* _GIVEN INFORMATION_

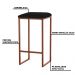 Kit 2 Banqueta Decorativa Billie Base Bronze Suede Preto G41 - Gran Belo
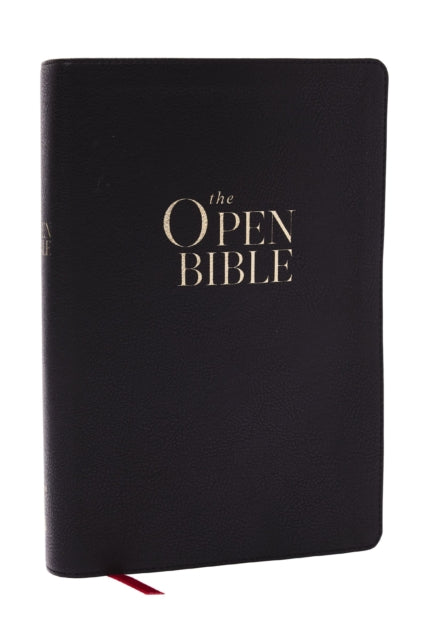 Book cover of: Open Bible: Read and Discover the Bible for Yourself (NKJV, Black Leathersoft, Red Letter, Comfort Print, Thumb Indexed)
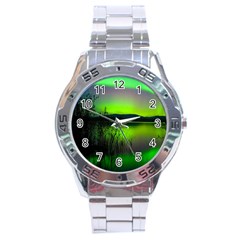 Green Northern Lights Canada Stainless Steel Analogue Watch by Sapixe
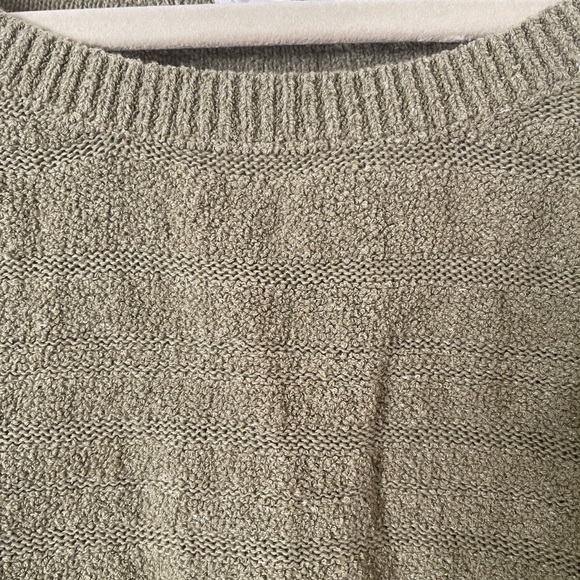 Anthropologie Pilcro Soft Olive Green Crewneck Cotton Blend Sweater M - Picture 3 of 8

* _YOUR GOAL_
Once the pictures are dropped, repeat the data above exactly.

* _RESPONSE_
 Kit 2 Banqueta Decorativa Billie Base Bronze Suede Preto G41 - Gran Belo
 Book cover of: Open Bible: Read and Discover the Bible for Yourself (NKJV, Black Leathersoft, Red Letter, Comfort Print, Thumb Indexed)
 Green Northern Lights Canada Stainless Steel Analogue Watch by Sapixe
 Anthropologie Pilcro Soft Olive Green Crewneck Cotton Blend Sweater M - Picture 3 of 8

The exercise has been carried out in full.